Dois lados do balcão
Para o movimento sindical o grande desafio é romper esta hegemonia da ideologia patronal nos corações e mentes dos empregados. Enquanto os sindicalistas entendem os trabalhadores como classe e suas categorias, as empresas insistem em apontar o esforço pessoal como causa do sucesso. Na visão capitalista, as equipes bem sucedidas são formadas por indivíduos altamente dedicados e comprometidos com o bom desempenho da empresa.
Mas o que se vê no dia a dia não é bem isto. “Há um descolamento entre o belo discurso e a prática, e este descolamento mostra que o discurso é mentira”, destaca o Professor João Batista. Ao contrário do que a empresa vende para seus empregados, o que há são demissões, adoecimento, pressão exacerbada – ainda que sob o disfarce da “motivação” – e o descarte sumário daqueles que não se encaixam no perfil, perdem a saúde ou não apresentam o desempenho esperado.
A dificuldade dos trabalhadores entenderem os sindicatos como seus representantes é um problema que se agravou sensivelmente. “Com a fragmentação dos movimentos sociais, sua força diminui e as empresas ganham maior poder de manipulação. A correlação de forças está muito pior nos últimos anos. Fazer a vida ser o centro está muito difícil e quem está buscando enfrentar esta situação vê coisas sem precedentes”, avalia João Batista.

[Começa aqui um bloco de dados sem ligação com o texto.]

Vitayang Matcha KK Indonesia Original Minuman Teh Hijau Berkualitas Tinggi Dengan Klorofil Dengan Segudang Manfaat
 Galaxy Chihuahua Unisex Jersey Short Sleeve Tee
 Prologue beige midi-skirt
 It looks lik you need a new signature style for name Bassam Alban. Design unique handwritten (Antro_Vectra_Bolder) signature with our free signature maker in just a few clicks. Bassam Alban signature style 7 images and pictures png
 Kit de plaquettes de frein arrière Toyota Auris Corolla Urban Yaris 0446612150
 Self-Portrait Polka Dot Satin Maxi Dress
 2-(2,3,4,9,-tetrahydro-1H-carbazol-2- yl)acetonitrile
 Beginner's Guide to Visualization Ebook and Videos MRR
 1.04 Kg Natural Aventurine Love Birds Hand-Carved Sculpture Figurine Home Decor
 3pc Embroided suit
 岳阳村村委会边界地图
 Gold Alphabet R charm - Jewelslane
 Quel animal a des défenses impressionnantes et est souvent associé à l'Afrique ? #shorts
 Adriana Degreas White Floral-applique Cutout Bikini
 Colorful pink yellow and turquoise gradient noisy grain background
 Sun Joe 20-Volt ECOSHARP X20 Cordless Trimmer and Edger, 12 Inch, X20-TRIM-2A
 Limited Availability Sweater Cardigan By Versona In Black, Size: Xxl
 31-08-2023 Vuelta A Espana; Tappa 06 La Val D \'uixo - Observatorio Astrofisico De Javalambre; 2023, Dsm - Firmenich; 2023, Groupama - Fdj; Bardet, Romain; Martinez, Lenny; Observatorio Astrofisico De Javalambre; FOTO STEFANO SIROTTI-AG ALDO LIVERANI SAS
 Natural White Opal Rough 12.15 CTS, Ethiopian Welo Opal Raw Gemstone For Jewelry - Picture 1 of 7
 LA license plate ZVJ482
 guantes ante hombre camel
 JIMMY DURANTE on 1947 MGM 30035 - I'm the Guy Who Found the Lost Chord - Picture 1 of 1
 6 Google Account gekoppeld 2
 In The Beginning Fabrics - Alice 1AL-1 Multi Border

Com as formas de contratação precária trazidas pela nova legislação trabalhista e a difusão de termos como “colaborador” e “associado” para designar os empregados, organizar e mobilizar a classe trabalhadora se torna ainda mais urgente. Enquanto os CEOs disfarçam o assédio moral em pele de “discurso motivacional”, os sindicatos terão que afirmar, com ainda mais ênfase, a divisão entre as classes.